Crowley Webb brings blue-collar vibe to renovated digs
Crowley Webb has come a long way since its founding 33 years ago.
What started as a small firm with an office on lower Franklin Street in downtown Buffalo has become one of the area's leading advertising, marketing and public relations agencies.
The firm employs more than 90 full-time staff, serving 54 clients both locally and around the country – including M&T Bank Corp., Niagara University and drugmaker Lilly – with $72 million in billings. It now occupies three floors of downtown's five-story Sweeney Building, which it purchased from Anthony Kissling in 2016.
Now it's trying to satisfy the marketing needs of its toughest client – itself – by spending more than $425,000 on the first major overhaul of its space since it moved in 26 years ago.
"We kind of embraced the Buffalo blue-collar vibe," said Jeff Pappalardo, one of the firm's six partners and its chief creative officer. "We wanted to be kind of intimate, not super slick. A lot of agencies try to capture that New York City vibe and get real slick spaces. That’s not who we are."
In the process, it opened up its primary fourth floor for more collaboration, knocking down walls that separated some of its offices, conference rooms and kitchen from the central area. And it transformed the former City Grill restaurant space into its own in-house "union hall," dubbed Local 86, where it can host agency functions, client meetings and other events.
"It was just something we needed to do," said Jim Hettich, the firm's chairman and CEO. "We spend so much time within these walls. It's worth it [for] a better environment to do what we do."
Founded in 1986 by Joseph Crowley and John Webb, the agency started at 100 Franklin St., but moved to its current building – originally a department store – seven years later.
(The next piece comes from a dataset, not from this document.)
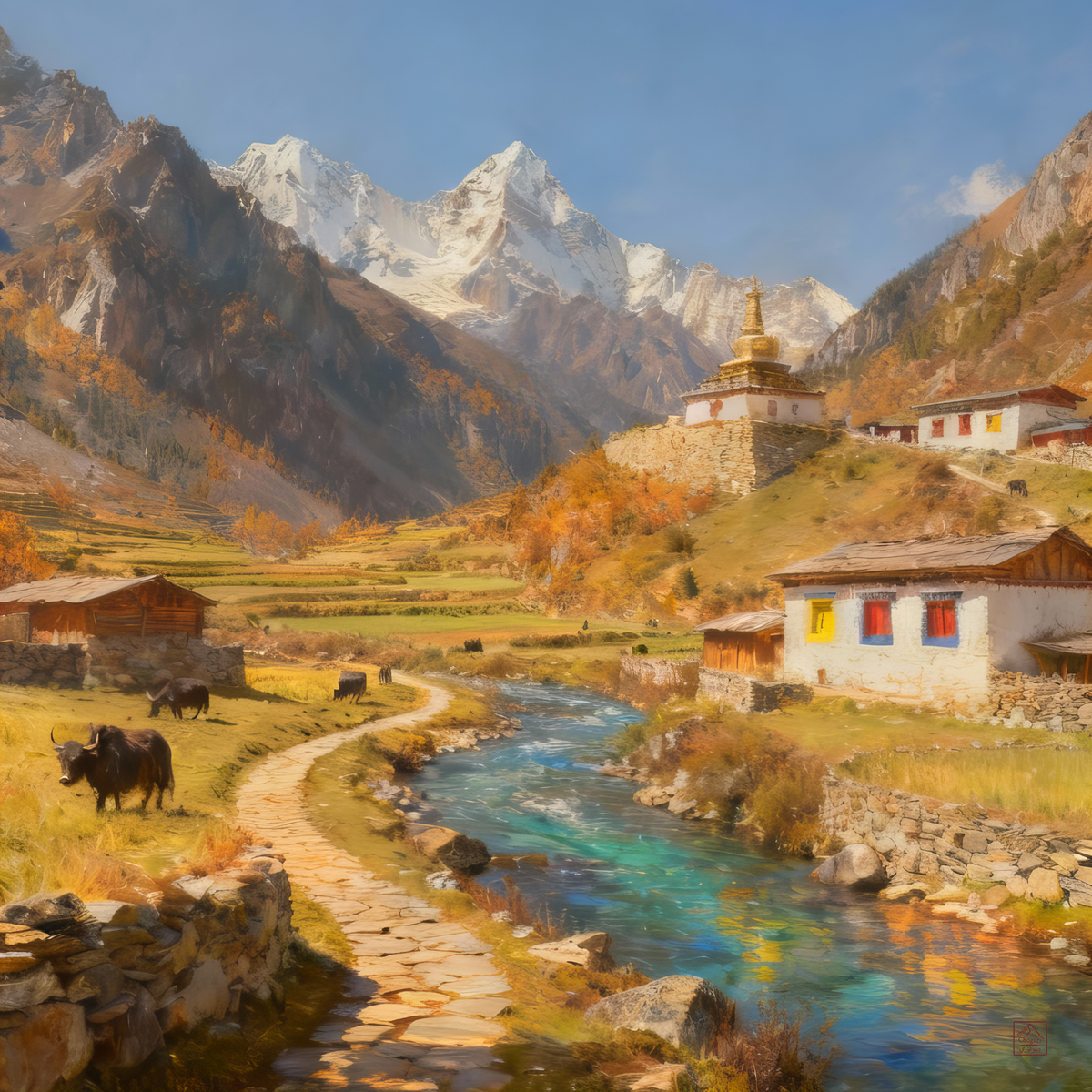 Hidden Treasures of Tibet: The Valley of Turquoise River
When Pappalardo joined in 1994, he said, the firm had only 20 employees, mostly on the fourth floor. But it grew over the next two decades, prompting the current leadership to consider relocating several years ago to new space elsewhere, such as at 500 Seneca. Instead, they decided in 2016 to buy the building for $3.2 million, and reconfigure what they had.
"It really hadn't been updated since the 1990s, so there was a lot of mauve and pea green and ugly zig-zag lights," Pappalardo said. "It just wasn't very modern."
Today, Crowley Webb currently occupies all of the second, fourth and fifth floors of the building, while the third floor is home to the Laufer Keenan law firm, commercial real estate firm J.R. Militello Realty and WNY Court Reporting Services. The sixth floor is empty, while the Salty Dog Barber Shop and logistics firm DSV Air & Sea take up the rest of the first floor outside of Local 86.
Working with architect Ken Klapper and Rodriguez Construction, the firm revamped its fourth floor, creating an open area in the center for team meetings, presentations or lunch-and-learn forums. The kitchen was opened up to the center, along with an eating area. But there's still individual and shared offices for privacy, as well as a conference room for more formal meetings.
"It was a trend for a while to do open platforms, where people would be in cubes and big open spaces," Pappalardo said. "We thought about doing that and we didn’t because of the cost, and I’m glad, because that turned out to be a trend, and research has shown that decreases productivity. People want their own spaces."
Instead of putting in new flooring as planned, Pappalardo said, workers discovered the original hardwood floors from the early 1900s department store while they were tearing up the "carpeting, eight layers of linoleum and some stuff that we weren't able to identify."
So the firm restored the planks instead. "The building has great bones. We wanted to be able to keep them," he said.
The agency also commissioned a custom-made replica of a turn-of-the-century industrial table, made of steel, from an Arizona company. "We wanted to make a statement," Pappalardo said. "It was super cool, but it also captured that hard-working industrial vibe that we’re all about."
The renovations, which were focused on the fourth floor and the first-floor lobby, took about four months. "It's kind of brought energy to the space that we didn't have before," Pappalardo said.
Officials are now considering more cosmetic renovations for the fifth floor. "Now that we did four, five looks so crappy," Pappalardo said. However, the next phase won't be as elaborate.
But executives hope to take over the vacant sixth floor if they can find a new tenant to occupy their second-floor space. That would consolidate the firm to three contiguous levels, which would be connected by internal staircases.
Pappalardo said executives had tried "for a long time" to get a new restaurant into the first floor, but "we really didn't find a viable one or one that we were interested in having." Part of the problem was the lack of foot traffic in that area in the evening.
So for now, the firm is using the first-floor restaurant space for various gatherings, and even put in bubble hockey, Ping-Pong and hula hoops. The bar is still there, with branded glassware and beer on tap, and staff can come and go anytime.
Executives said they are open to considering another restaurant coming in, now that activity is picking up near Seneca One Tower.
"We'll have to look at that," Hettich said. "It’ll be a decision we make down the road."